This notebook demonstrates collecting Twitter data using API method (academictwitteR,rtweet) and non-API method (Python-based Twint)
Twitter provides an API for Academic Research developers. Read Preparing for the application of Academic Research access and apply for access. Once approved, Twitter will provide API keys and tokens for data access up to 10 million data points a month.
Sample description:
Once approved, Twitter will provide API detail in four keys/secret/tokens.
Open an R session and store the API data:
## Required package: rtweet
# Create token for direct authentication to access Twitter data
require(rtweet)
token <- rtweet::create_token(
app = "Your App name",
consumer_key <- "YOURCONSUMERKEY",
consumer_secret <- "YOURCONSUMERSECRET",
access_token <- "YOURACCESSTOKEN",
access_secret <- "YOURACCESSSECRET")
## Check token
rtweet::get_token()
With API methods, there are plenty of R packages for collecting Twitter data.
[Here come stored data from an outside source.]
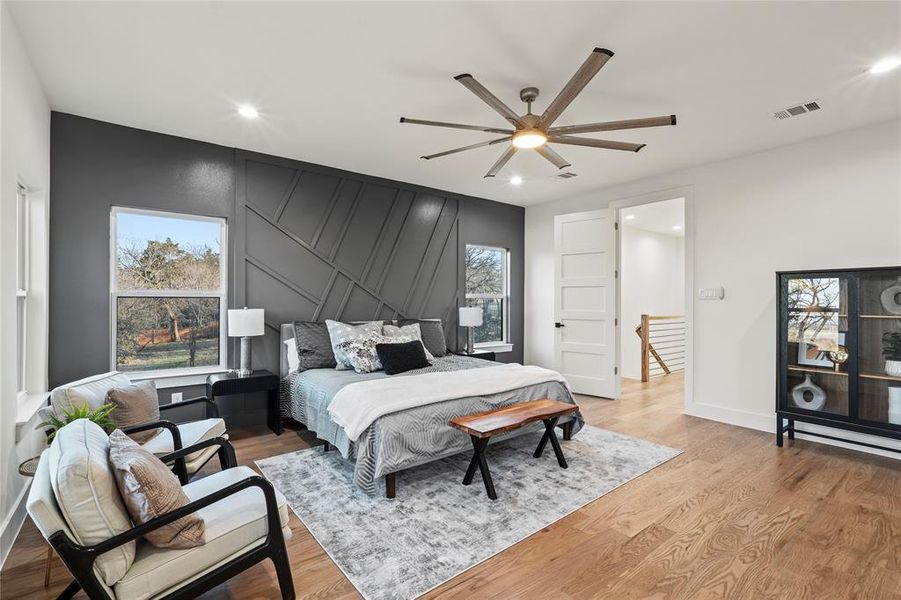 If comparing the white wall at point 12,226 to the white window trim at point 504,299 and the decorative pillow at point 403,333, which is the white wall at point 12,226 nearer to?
the decorative pillow at point 403,333

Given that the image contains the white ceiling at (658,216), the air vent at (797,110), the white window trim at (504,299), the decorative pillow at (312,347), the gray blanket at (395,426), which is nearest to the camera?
the gray blanket at (395,426)

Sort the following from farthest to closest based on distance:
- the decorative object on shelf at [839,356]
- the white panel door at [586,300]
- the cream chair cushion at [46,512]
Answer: the white panel door at [586,300] → the decorative object on shelf at [839,356] → the cream chair cushion at [46,512]

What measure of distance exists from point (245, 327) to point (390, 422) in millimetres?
1967

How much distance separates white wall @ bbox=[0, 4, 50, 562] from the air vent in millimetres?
4958

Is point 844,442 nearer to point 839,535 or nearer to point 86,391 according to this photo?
point 839,535

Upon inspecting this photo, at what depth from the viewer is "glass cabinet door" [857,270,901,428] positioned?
3326 mm

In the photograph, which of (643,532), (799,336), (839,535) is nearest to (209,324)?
(643,532)

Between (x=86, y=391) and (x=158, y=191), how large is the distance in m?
2.03

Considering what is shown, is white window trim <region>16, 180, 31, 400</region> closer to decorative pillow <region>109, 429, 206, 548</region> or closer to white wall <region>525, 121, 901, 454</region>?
decorative pillow <region>109, 429, 206, 548</region>

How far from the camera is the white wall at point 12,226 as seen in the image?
2.11 metres

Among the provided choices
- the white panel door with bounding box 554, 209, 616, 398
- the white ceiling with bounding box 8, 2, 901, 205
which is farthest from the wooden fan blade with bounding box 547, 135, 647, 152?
the white panel door with bounding box 554, 209, 616, 398

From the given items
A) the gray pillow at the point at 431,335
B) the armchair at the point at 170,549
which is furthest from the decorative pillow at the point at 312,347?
the armchair at the point at 170,549

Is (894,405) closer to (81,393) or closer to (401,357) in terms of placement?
(401,357)

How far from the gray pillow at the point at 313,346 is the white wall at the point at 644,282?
4.68m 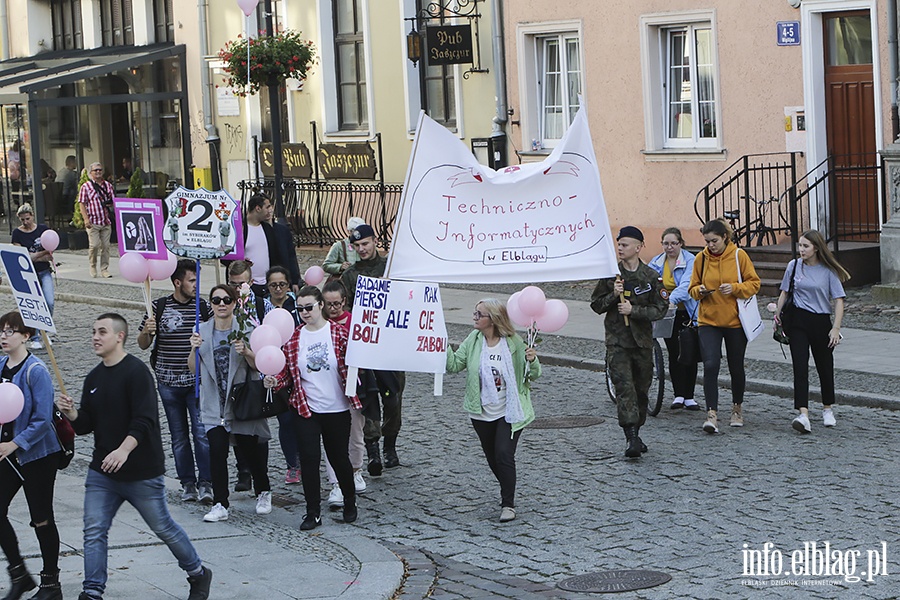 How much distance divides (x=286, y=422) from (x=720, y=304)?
3703 millimetres

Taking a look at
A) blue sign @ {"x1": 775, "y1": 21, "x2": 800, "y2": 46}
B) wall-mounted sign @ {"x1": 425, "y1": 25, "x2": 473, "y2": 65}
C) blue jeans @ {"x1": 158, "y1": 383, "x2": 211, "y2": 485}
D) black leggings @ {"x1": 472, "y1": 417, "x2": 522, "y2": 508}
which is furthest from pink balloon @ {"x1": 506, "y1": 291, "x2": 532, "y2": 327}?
wall-mounted sign @ {"x1": 425, "y1": 25, "x2": 473, "y2": 65}

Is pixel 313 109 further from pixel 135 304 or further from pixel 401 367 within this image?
pixel 401 367

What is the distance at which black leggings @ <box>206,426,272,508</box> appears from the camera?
974 centimetres

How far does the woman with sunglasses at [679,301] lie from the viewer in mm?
12531

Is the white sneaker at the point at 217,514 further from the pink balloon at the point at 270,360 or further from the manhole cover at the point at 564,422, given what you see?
the manhole cover at the point at 564,422

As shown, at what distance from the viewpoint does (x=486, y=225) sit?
9.71 metres

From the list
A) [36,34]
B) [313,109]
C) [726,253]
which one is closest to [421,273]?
[726,253]

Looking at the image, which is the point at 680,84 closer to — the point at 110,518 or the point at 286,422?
the point at 286,422

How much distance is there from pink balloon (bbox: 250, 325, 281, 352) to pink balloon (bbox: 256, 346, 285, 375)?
0.05 metres

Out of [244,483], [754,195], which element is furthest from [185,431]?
[754,195]

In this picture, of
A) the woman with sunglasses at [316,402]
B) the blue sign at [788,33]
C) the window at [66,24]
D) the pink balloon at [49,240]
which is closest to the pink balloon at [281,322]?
the woman with sunglasses at [316,402]

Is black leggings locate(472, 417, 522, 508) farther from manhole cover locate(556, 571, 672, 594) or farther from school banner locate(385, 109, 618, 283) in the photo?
manhole cover locate(556, 571, 672, 594)

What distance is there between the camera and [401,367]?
9.69 m

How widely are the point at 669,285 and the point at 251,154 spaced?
61.4 feet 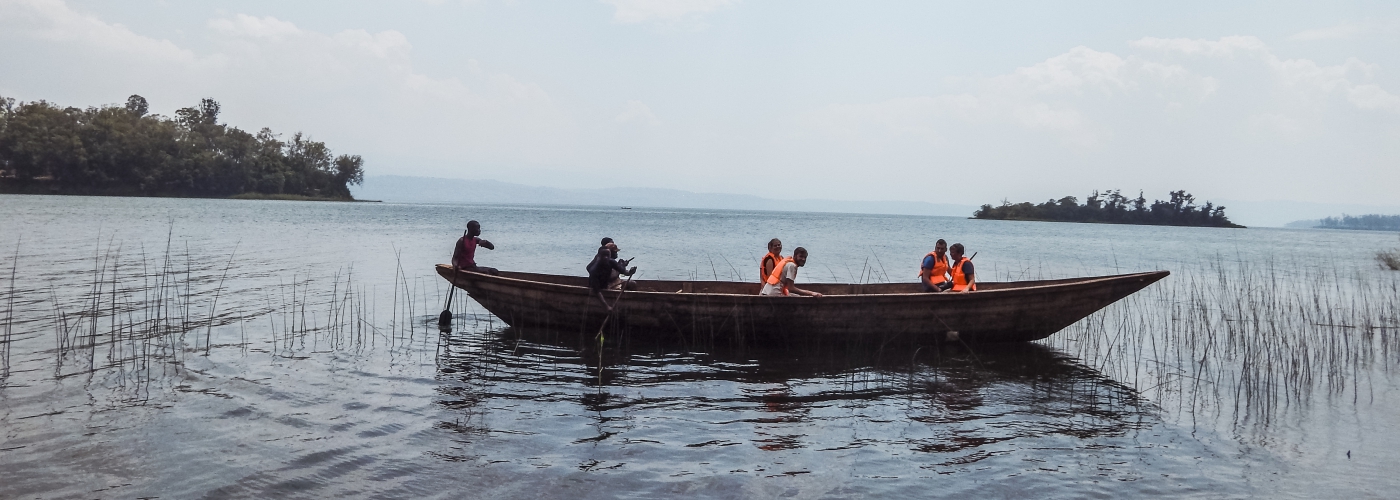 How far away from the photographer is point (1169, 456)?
22.0ft

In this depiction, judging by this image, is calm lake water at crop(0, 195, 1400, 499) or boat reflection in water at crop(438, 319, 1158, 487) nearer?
calm lake water at crop(0, 195, 1400, 499)

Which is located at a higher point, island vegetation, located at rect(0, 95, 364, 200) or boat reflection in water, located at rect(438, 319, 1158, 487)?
island vegetation, located at rect(0, 95, 364, 200)

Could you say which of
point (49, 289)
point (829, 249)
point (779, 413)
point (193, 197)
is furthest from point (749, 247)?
point (193, 197)

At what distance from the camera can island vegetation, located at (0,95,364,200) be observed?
7325cm

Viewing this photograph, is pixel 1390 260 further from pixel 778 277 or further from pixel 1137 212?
pixel 1137 212

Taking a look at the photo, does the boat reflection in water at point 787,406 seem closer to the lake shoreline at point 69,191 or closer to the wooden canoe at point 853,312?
the wooden canoe at point 853,312

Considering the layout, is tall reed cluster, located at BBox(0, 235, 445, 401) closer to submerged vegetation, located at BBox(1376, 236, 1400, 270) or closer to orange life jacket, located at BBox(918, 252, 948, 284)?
orange life jacket, located at BBox(918, 252, 948, 284)

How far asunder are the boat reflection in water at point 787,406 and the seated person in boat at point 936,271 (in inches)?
33.5

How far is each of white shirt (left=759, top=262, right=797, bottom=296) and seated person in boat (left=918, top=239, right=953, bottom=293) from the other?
1.74 m

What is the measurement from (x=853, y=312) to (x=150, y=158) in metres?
89.7

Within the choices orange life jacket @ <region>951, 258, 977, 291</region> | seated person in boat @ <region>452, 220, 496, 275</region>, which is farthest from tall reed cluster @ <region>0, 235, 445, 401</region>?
orange life jacket @ <region>951, 258, 977, 291</region>

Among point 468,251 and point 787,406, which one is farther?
point 468,251

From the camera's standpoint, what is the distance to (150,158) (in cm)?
8244

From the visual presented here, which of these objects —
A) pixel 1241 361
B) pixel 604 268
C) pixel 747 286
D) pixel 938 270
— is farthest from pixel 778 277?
pixel 1241 361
Examples include twitteR, vosonSML and rtweet. The following illustration uses rtweet, which gives most detail in twitter variables (almost 90).
## Install packages need for Twitter data download
##install.packages(c("rtweet","igraph","tidyverse","ggraph","data.table"), repos = "https://cran.r-project.org")
## Load packages
library(rtweet)
library(igraph)
library(tidyverse)
library(ggraph)
library(data.table)
## search for 1000 tweets in English
# Not run:
blm <- rtweet::search_tweets(q = "Black lives matter", n = 100, lang = "en")
# End(Not run)
## preview users data
users_data(blm)
## Boolean search for large quantity of tweets (which could take a while)
# Not run:
blm1 <- rtweet::search_tweets("blacklivematter OR Blacklivesmatter", n = 100,
retryonratelimit = TRUE)
# End(Not run)
## plot time series of tweets frequency
ts_plot(blm1, by = "mins") + theme_bw()
To explore the network structure of the Twitter data, igraph and ggraph packages are recommended for network plots
## Create igraph object from Twitter data using user id and mentioned id.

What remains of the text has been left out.